At a probable cause hearing, Family Court is required to determine “whether it is reasonable to believe that a crime was committed[,] and . . . that the respondent committed such crime” (Family Ct Act § 325.3 [1]).* Here, although the seven-year-old victim had difficulty remembering and describing the event, she testified that respondent “touched [her] private parts” and vagina, and that he “gave [her] a hickey” by sucking on her neck. Her testimony was corroborated by her father, who stated that after he saw respondent hug and tackle the victim onto her bed, he noticed a quarter-sized bruise on the victim’s neck. According due deference to Family Court’s resolution of any issues regarding the victim’s credibility (see e.g. Matter of Zachary A., 307 AD2d 464, 465 [2003]), this evidence established probable cause that respondent committed the elements of sexual abuse in the first degree (see Penal Law § 130.65 [3]; Matter of Michael J., 267 AD2d 126, 126 [1999]; Matter of David V., 226 AD2d 319, 319 [1996]; see also People v Harris, 31 AD3d 1189, 1189 [2006], lv denied 7 NY3d 848 [2006]; People v Gray, 201 AD2d 961, 962 [1994], lv denied 83 NY2d 1003 [1994]). We note, however, that inasmuch as the acts of which respondent was accused constitute a felony, rather than a misdemeanor, the court’s dismissal of the juvenile delinquency petition was premature (see Family Ct Act § 322.2 [5] [b], [d]; cf. Matter of Ardon II., 175 AD2d 355, 355-356 [1991]), and we therefore modify by reinstating the petition.

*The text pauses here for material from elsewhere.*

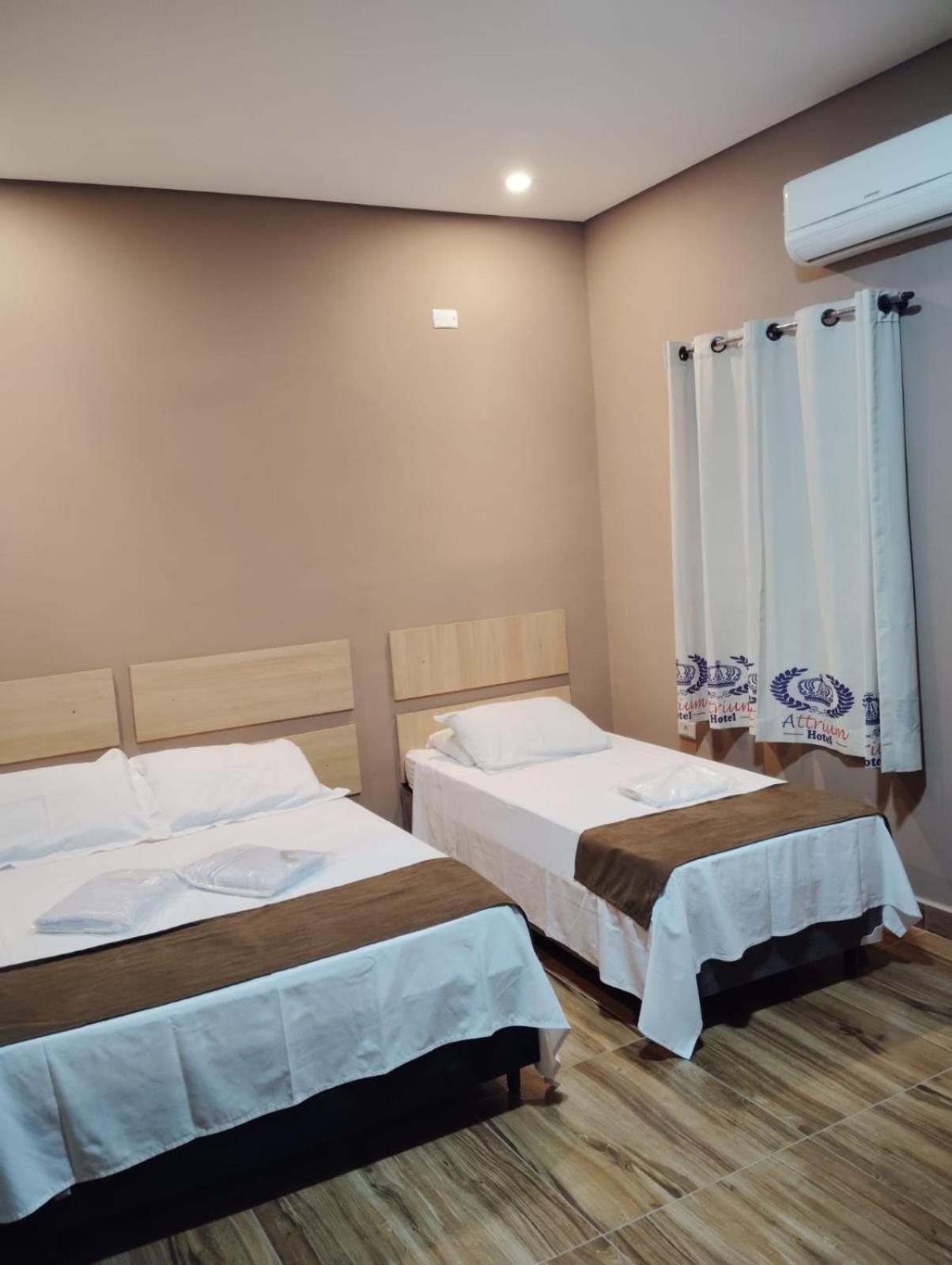 גווארולוס Attriun Hotel מראה חיצוני תמונה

Peters, Spain, Carpinello and Kane, JJ., concur. Ordered that the order is modified, on the law, without costs, by reinstating the petition, and, as so modified, affirmed.
If Family Court finds a respondent to be incapacitated—which is not disputed here—and probable cause to believe the respondent committed a felony, “it shall order the respondent committed to the custody of the . . . commissioner of mental retardation and developmental disabilities for an initial period not to exceed one year” (Family Ct Act § 322.2 [5] [a]).